O juiz jubilado Laborinho Lúcio tem seis filhos, de idades muito diferentes. Hoje, vai passar o dia com os três que ainda estão em casa. O escritor Bruno Vieira Amaral também ficará com dois dos três filhos. Um dia do pai muito diferente.

Álvaro Laborinho Lúcio tem 78 anos e seis filhos - já quatro netos - que não acreditam no que ele lhes está sempre a dizer: que "vai acalmar". Pelo menos por agora, o juiz conselheiro jubilado, ex-ministro e ministro da República para os Açores, entre outras coisas, tem mesmo de o fazer. Os últimos tempos, tem-nos dedicado à à intervenção cívica e à escrita, editou o terceiro romance, "O Beco da Liberdade", em setembro. Os filhos têm entre 17 e 48 anos - e a diferença de idade vai determinar os que passarão este dia do pai com ele, ao contrário dos restantes.

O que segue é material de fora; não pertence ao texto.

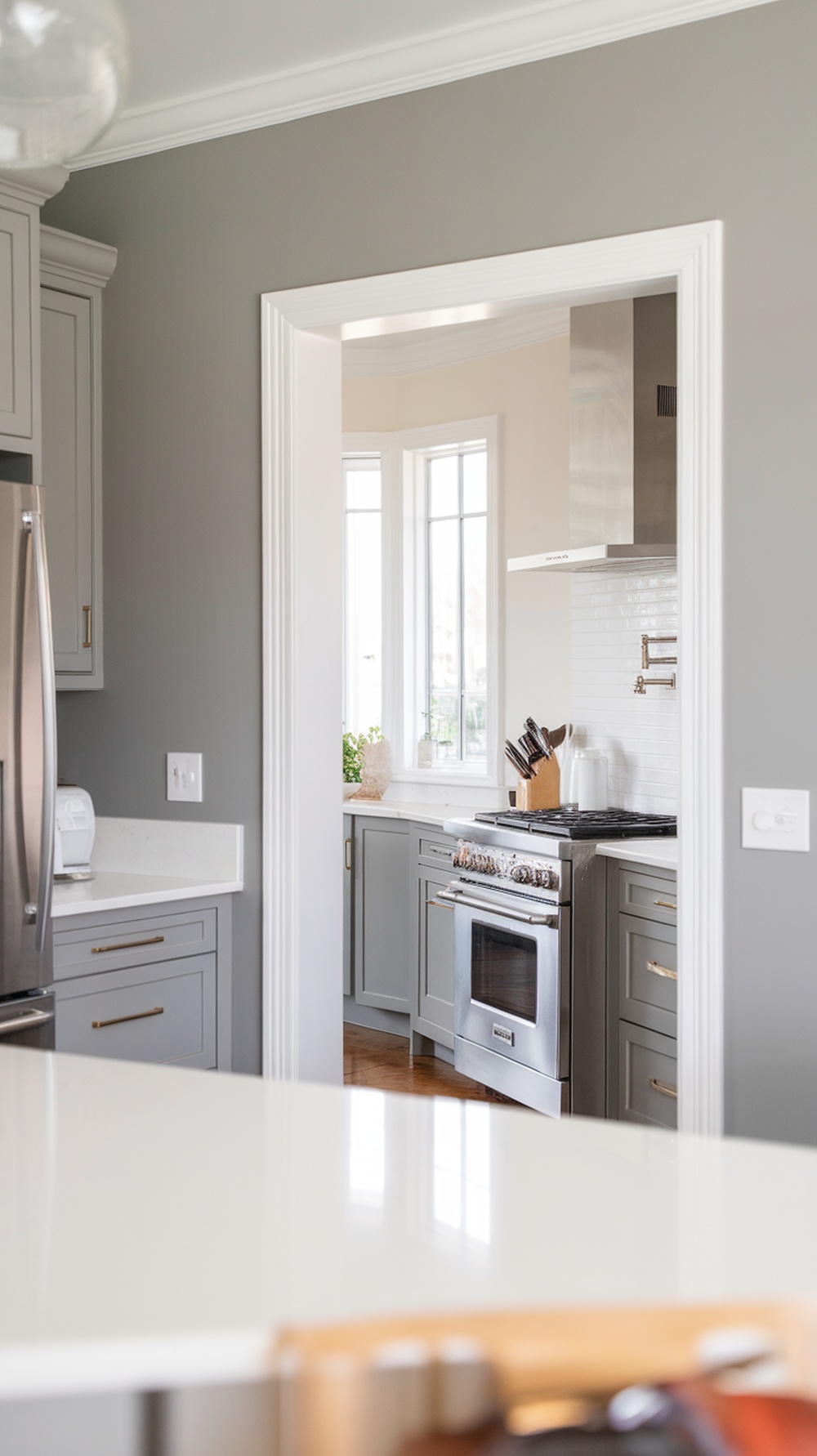 A kitchen featuring Anew Gray walls and cabinetry with stainless steel appliances.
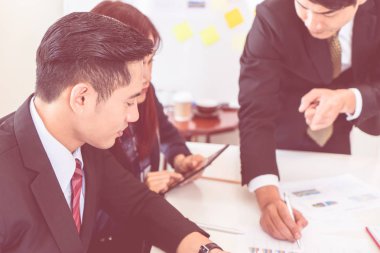 İş adamı toplantıda metal kalem kullanarak veri sayfası olarak işaretleme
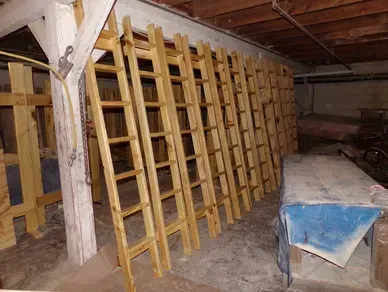A bunch of wooden ladders are lined up in a room.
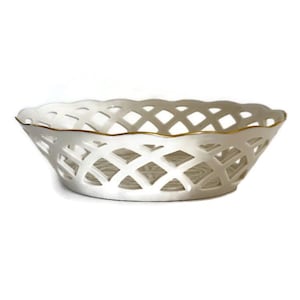 May include: White ceramic basket with a lattice design. The basket has a scalloped edge and a gold trim. This decorative basket is ideal for displaying fruit or other items.
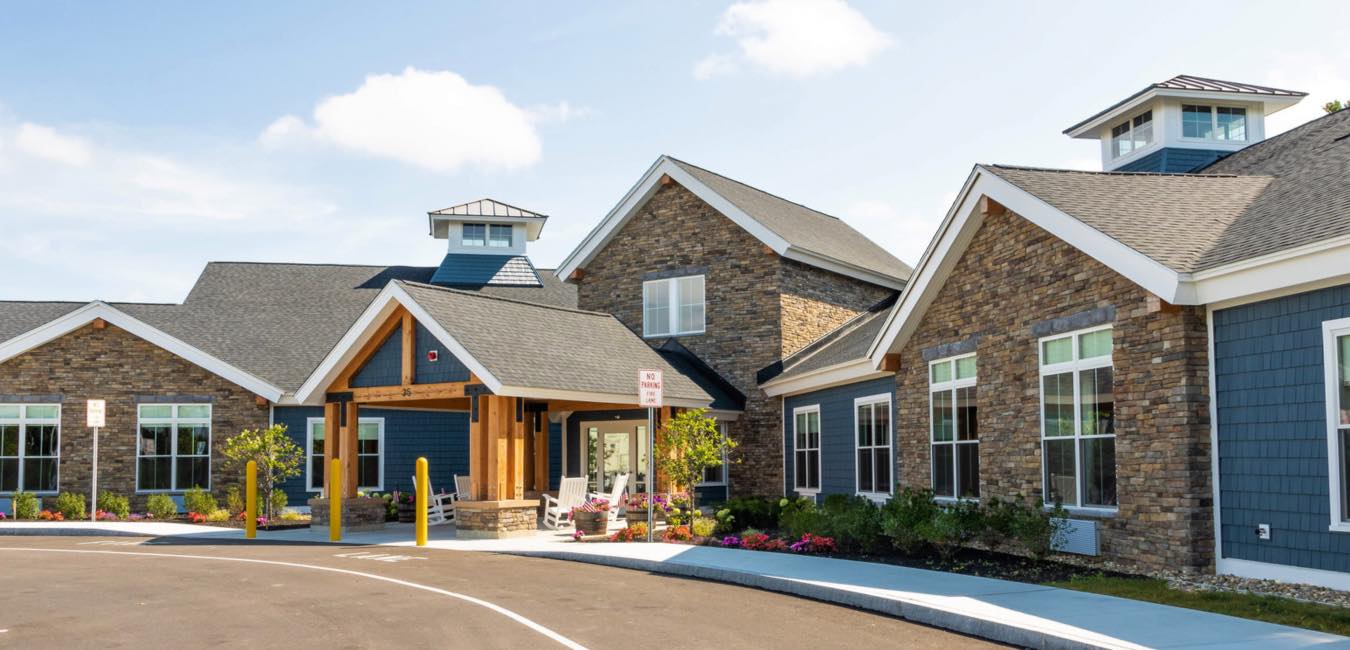 Exterior view of a senior living facility with landscaped entrance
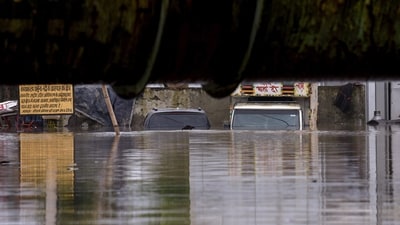 Vehicles are submerged in the Yamuna river as its water level rises after being released from Hathni Kund barrage due to heavy rainfall, at Teesra Pusta, Usman Pur area, in New Delhi on Wednesday. In view of the situation, the Delhi government has set up 16 control rooms to monitor the flood-prone areas and the water level of the Yamuna. (ANI) Vehicles are submerged in the Yamuna river as its water level rises after being released from Hathni Kund barrage due to heavy rainfall, at Teesra Pusta, Usman Pur area, in New Delhi on Wednesday. In view of the situation, the Delhi government has set up 16 control rooms to monitor the flood-prone areas and the water level of the Yamuna. (ANI)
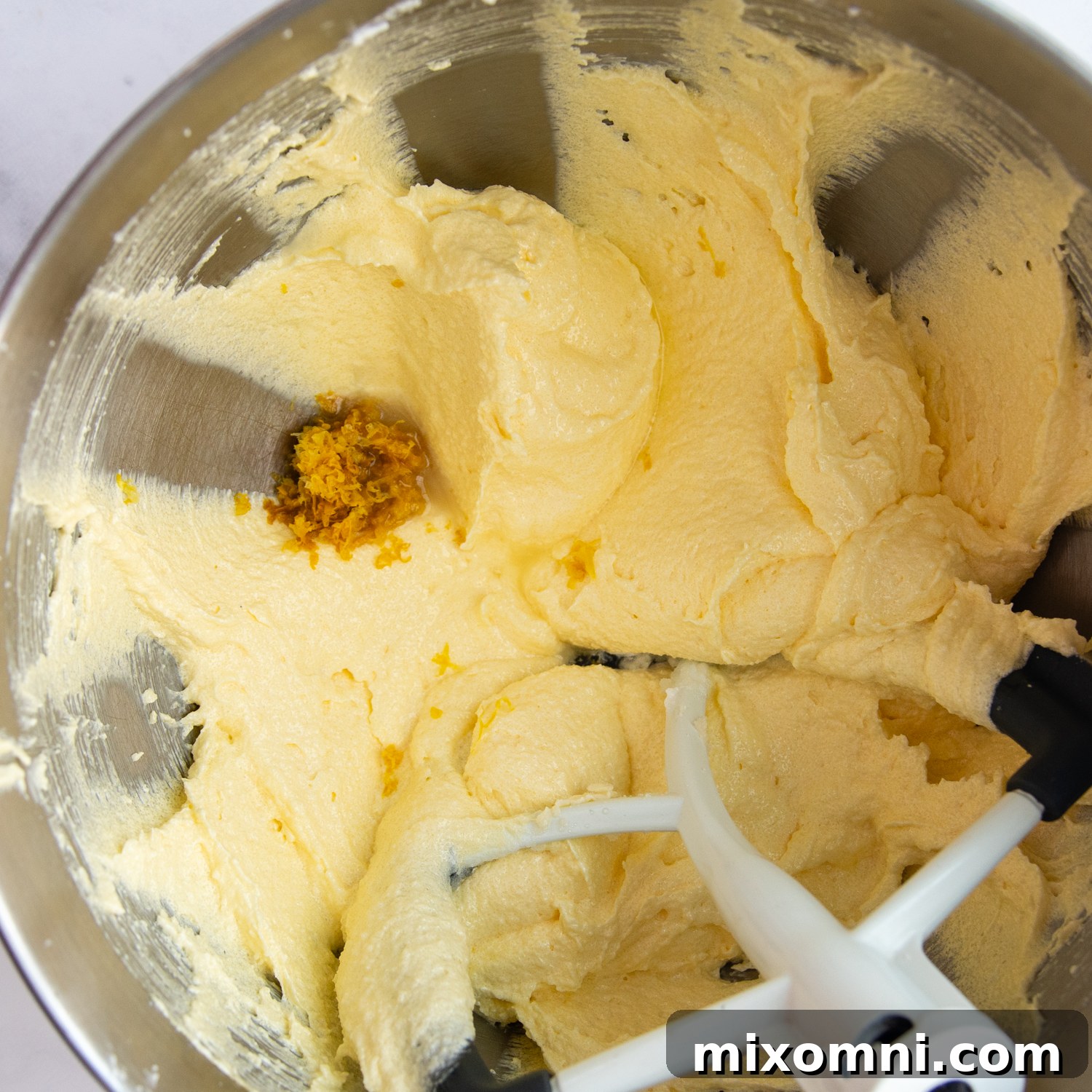 Creamed butter, sugar, and oil mixture in a mixing bowl, showcasing its light and fluffy texture.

Esta é uma conversa sobre o Dia do Pai e que merece uma declaração prévia do entrevistado, Laborinho Lúcio, que não costuma falar sobre a vida privada.
Nunca dei uma entrevista destas, nunca falei da minha vida pessoal, da minha vida privada, porque é isso mesmo, privada. Hoje decidi fazê-lo: no momento em que o país inteiro está metido em casa é uma boa altura para refletir. Creio que há um conjunto de valores aos quais temos de voltar numa dimensão de procura de outra forma de construir felicidade. Estarmos todos a conversar uns com os outros, estarmos a dar-nos uns aos outros, é muito importante para vencermos este desafio que estamos a viver.